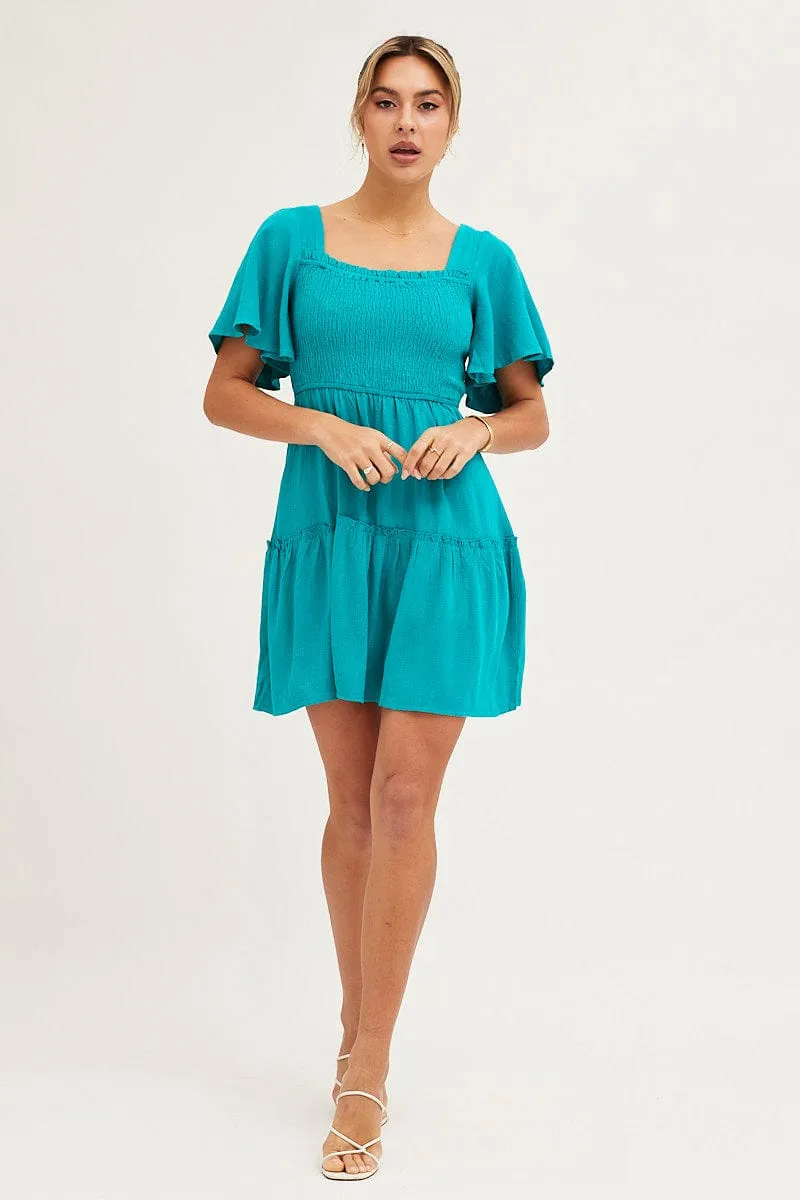 Green Shirred Bust Skater Dress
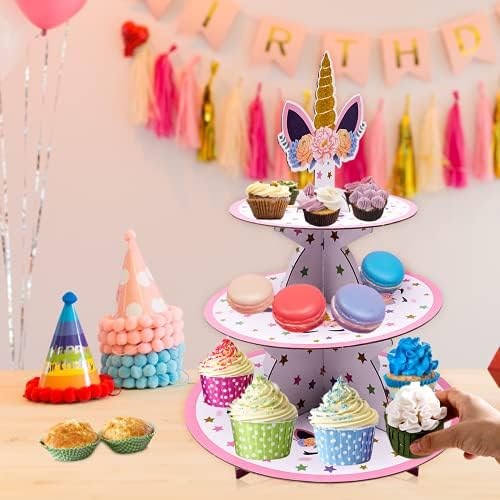 BLLREMIPSUR Cake Stand 3 Tier Cupcake Stand Unicorn Muffin Stand Cardboard for Birthday Party Wedding Baby Shower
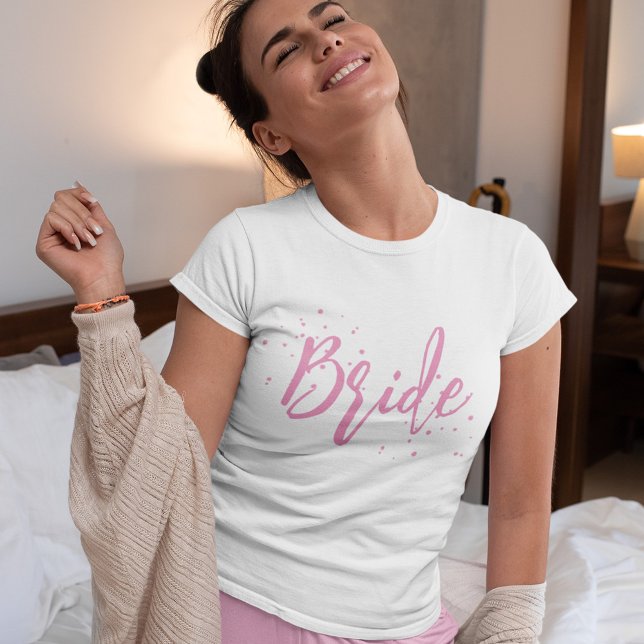 Camiseta Noiva Simples Roteiro Caligrafia Fofo (Whimsical Calligraphy Script Bride T-Shirt.)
..............................
■ EXERCISE BRIEF
Word for word, reproduce the material above and omit each image.

■ RESPONSE BELOW
 Green Shirred Bust Skater Dress
 BLLREMIPSUR Cake Stand 3 Tier Cupcake Stand Unicorn Muffin Stand Cardboard for Birthday Party Wedding Baby Shower
 Camiseta Noiva Simples Roteiro Caligrafia Fofo (Whimsical Calligraphy Script Bride T-Shirt.)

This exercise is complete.